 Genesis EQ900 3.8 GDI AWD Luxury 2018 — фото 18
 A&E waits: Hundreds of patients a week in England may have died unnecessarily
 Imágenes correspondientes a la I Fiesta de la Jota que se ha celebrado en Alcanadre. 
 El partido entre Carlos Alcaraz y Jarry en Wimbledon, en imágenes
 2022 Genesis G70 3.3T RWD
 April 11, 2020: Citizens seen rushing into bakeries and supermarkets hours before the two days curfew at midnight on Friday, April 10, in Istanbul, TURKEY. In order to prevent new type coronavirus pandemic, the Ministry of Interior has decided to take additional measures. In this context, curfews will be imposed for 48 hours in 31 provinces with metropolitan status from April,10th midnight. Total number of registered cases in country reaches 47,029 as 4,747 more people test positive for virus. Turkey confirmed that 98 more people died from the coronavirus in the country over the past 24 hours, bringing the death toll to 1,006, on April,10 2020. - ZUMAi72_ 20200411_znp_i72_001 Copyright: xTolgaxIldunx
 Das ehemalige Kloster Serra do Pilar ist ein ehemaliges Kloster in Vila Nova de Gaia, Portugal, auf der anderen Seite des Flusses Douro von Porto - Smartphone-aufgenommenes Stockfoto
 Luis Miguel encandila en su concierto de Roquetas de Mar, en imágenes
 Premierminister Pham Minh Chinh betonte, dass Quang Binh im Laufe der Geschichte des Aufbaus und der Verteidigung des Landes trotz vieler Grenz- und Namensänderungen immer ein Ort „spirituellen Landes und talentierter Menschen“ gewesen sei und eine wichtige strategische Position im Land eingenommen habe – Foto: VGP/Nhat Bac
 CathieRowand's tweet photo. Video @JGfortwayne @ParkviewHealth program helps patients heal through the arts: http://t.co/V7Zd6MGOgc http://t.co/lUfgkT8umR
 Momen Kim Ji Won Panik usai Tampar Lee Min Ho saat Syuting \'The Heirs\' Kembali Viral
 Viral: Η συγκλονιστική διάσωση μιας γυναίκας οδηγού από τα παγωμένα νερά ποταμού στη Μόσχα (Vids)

- [ASSIGNMENT] Only the lines from the first line of the material above through the line that contains "Luis Miguel encandila" should be quoted, each one exactly.

- [OUTPUT FOR THIS EXERCISE]
 Genesis EQ900 3.8 GDI AWD Luxury 2018 — фото 18
 A&E waits: Hundreds of patients a week in England may have died unnecessarily
 Imágenes correspondientes a la I Fiesta de la Jota que se ha celebrado en Alcanadre. 
 El partido entre Carlos Alcaraz y Jarry en Wimbledon, en imágenes
 2022 Genesis G70 3.3T RWD
 April 11, 2020: Citizens seen rushing into bakeries and supermarkets hours before the two days curfew at midnight on Friday, April 10, in Istanbul, TURKEY. In order to prevent new type coronavirus pandemic, the Ministry of Interior has decided to take additional measures. In this context, curfews will be imposed for 48 hours in 31 provinces with metropolitan status from April,10th midnight. Total number of registered cases in country reaches 47,029 as 4,747 more people test positive for virus. Turkey confirmed that 98 more people died from the coronavirus in the country over the past 24 hours, bringing the death toll to 1,006, on April,10 2020. - ZUMAi72_ 20200411_znp_i72_001 Copyright: xTolgaxIldunx
 Das ehemalige Kloster Serra do Pilar ist ein ehemaliges Kloster in Vila Nova de Gaia, Portugal, auf der anderen Seite des Flusses Douro von Porto - Smartphone-aufgenommenes Stockfoto
 Luis Miguel encandila en su concierto de Roquetas de Mar, en imágenes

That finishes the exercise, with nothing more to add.